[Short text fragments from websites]
'''
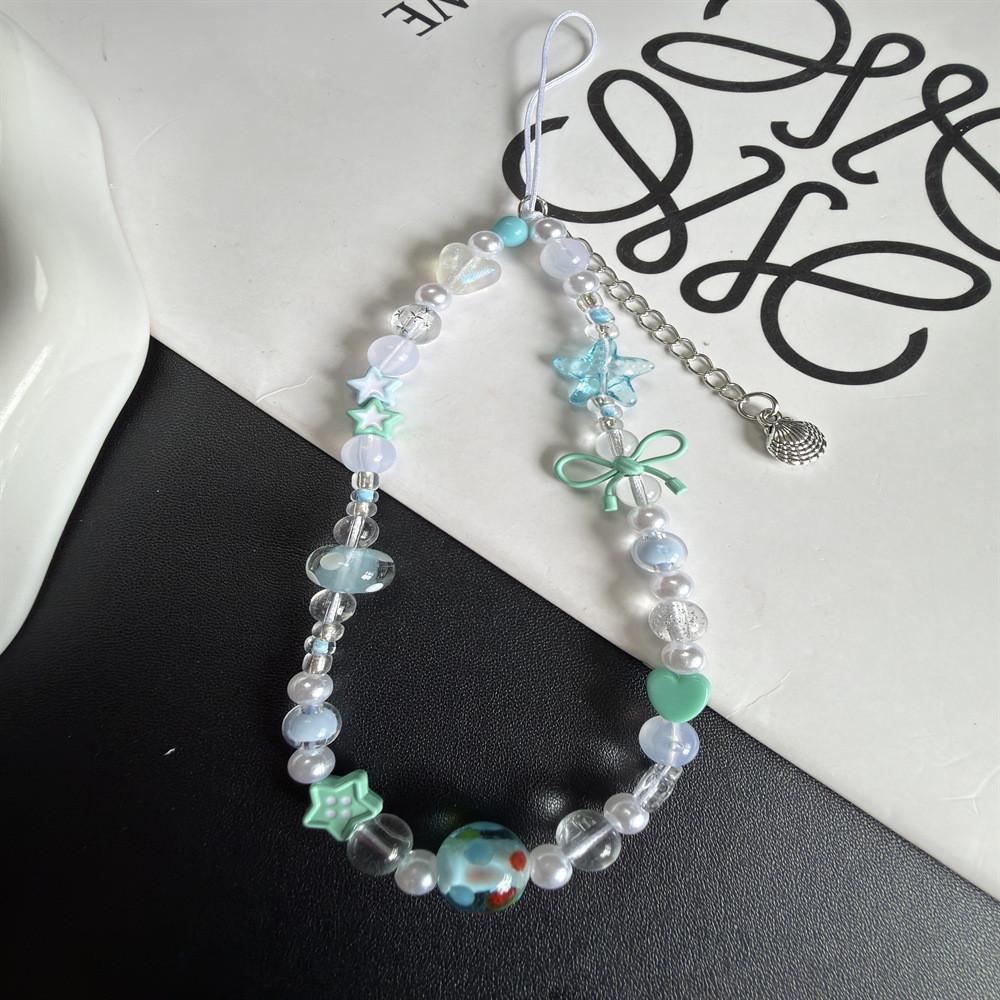 Summer Blue Green Starfish Bow Phone Lanyard With Pvc Beaded Diy Chain For All Ages
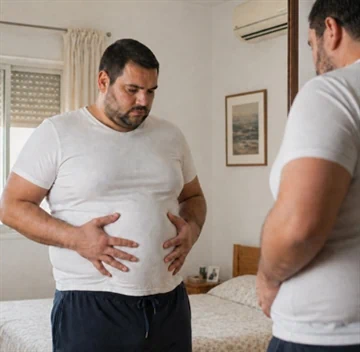 אדם הסובל מנפיחות בבטן ומסתכל במראה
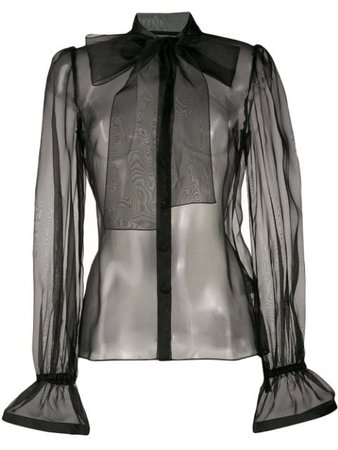 Dolce & Gabbana Pussy Bow Sheer Blouse Ss20 | Farfetch.com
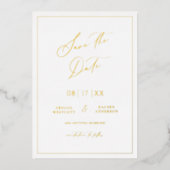 Gold Foil Bewaar de datum Modern Invitation Kaart (Voorkant)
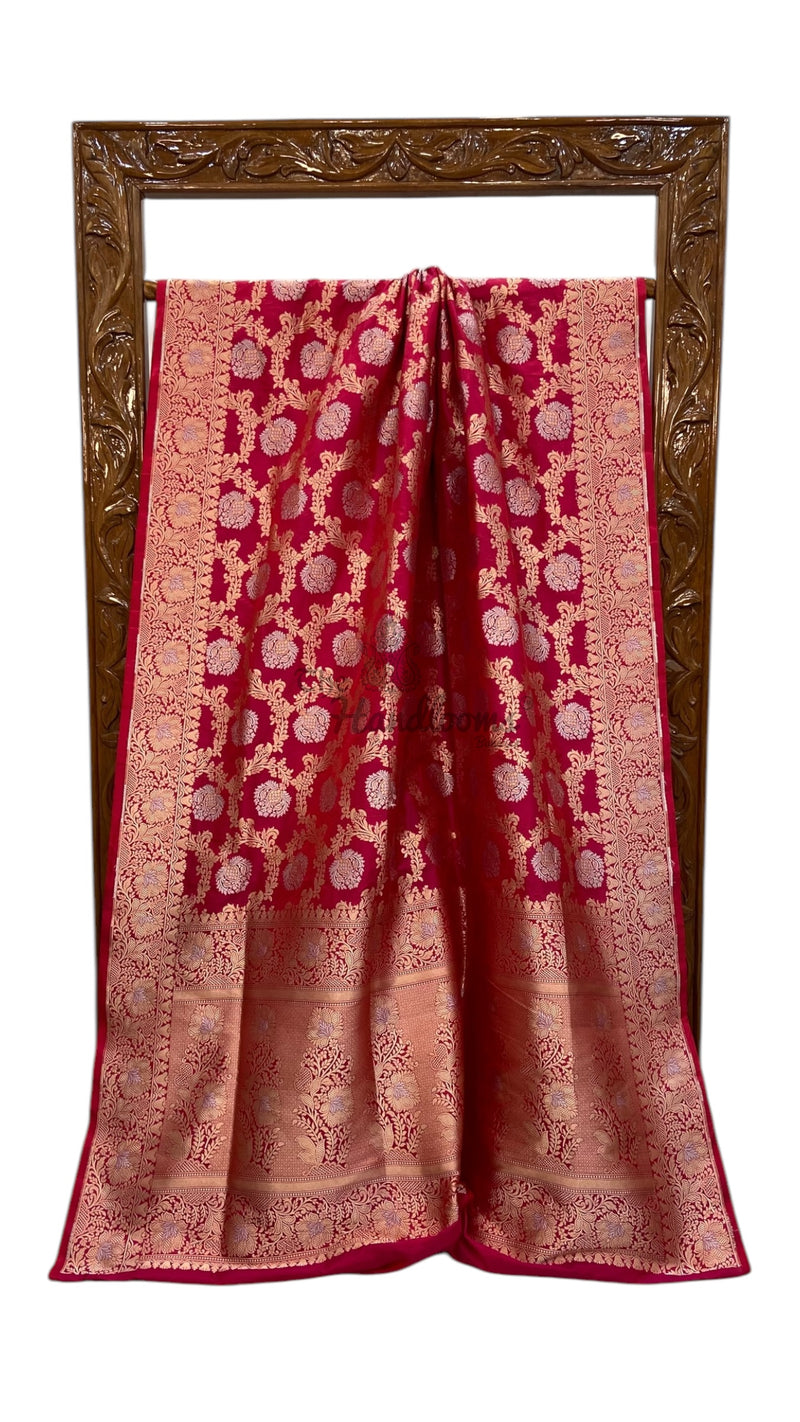 Pure Katan Silk Banarasi Handloom Saree - All Over Sona Roopa Jaal Work - The Handlooms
'''
## What is needed
For this exercise, transcribe the data above line by line, exactly, with pictures omitted.

## Completed task
 Summer Blue Green Starfish Bow Phone Lanyard With Pvc Beaded Diy Chain For All Ages
 אדם הסובל מנפיחות בבטן ומסתכל במראה
 Dolce & Gabbana Pussy Bow Sheer Blouse Ss20 | Farfetch.com
 Gold Foil Bewaar de datum Modern Invitation Kaart (Voorkant)
 Pure Katan Silk Banarasi Handloom Saree - All Over Sona Roopa Jaal Work - The Handlooms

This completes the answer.